Is there any way to count how many partitions reached in Spark query on Hadoop?-CodePudding

I want to stop a Spark query if the query takes more than 10 mins.

But this is for just for one partition.

I mean if query reaches 2 partition in Hadoop so the time will be 20 mins.

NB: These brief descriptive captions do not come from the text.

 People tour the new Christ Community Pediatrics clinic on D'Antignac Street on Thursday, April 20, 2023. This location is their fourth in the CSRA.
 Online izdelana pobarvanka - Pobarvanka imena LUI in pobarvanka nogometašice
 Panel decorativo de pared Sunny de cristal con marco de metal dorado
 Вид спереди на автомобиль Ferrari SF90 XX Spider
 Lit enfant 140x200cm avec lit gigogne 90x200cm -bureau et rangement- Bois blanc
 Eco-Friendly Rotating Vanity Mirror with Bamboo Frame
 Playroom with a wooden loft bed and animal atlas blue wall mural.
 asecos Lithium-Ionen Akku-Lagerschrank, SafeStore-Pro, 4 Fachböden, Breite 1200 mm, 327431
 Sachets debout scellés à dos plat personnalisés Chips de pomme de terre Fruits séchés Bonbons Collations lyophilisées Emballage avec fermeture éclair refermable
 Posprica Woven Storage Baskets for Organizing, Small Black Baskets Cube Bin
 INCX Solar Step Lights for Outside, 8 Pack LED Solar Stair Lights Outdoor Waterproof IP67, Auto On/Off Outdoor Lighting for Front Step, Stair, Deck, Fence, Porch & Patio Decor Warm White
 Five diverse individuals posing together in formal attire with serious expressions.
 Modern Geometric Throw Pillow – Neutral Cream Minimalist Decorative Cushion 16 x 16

For example, for this I need a 10 mins threshold:

SELECT Max(col1),
       Min(col2)
FROM   my_parititoned_table_on_hadoop
WHERE  partitioned_column = 1

For this I need a 20 mins threshold:

SELECT Max(col1),
       Min(col2)
FROM   my_parititoned_table_on_hadoop
WHERE  partitioned_column IN ( 1, 2 )

Is this possible?

CodePudding user response：

No. There is no such support in Spark.

CodePudding user response：

The answer to the question in your title ("Is there any way to count how many partitions...") is a "yes" if your data is stored as parquet. You can run explain() on your query and see how many partitions will be scanned during query execution. For example

scala> spark.sql("select * from tab where p > '1' and p <'4'").explain()
== Physical Plan ==
*(1) FileScan parquet default.tab[id#375,desc#376,p#377] Batched: true, Format: Parquet, 
     Location: PrunedInMemoryFileIndex[hdfs://ns1/user/hive/warehouse/tab/p=2, hdfs://ns1/user/hive/warehouse..., 
     **PartitionCount: 2,** PartitionFilters: [isnotnull(p#377), (p#377 > 1), (p#377 < 4)], 
     PushedFilters: [], ReadSchema: struct<id:int,desc:string>

...from which PartitionCount: x can be parsed quite easily.

The second question (which is technically a statement -- "I want to stop a Spark query if the query takes more than 10 mins") is a "no", just as @thebluephantom said.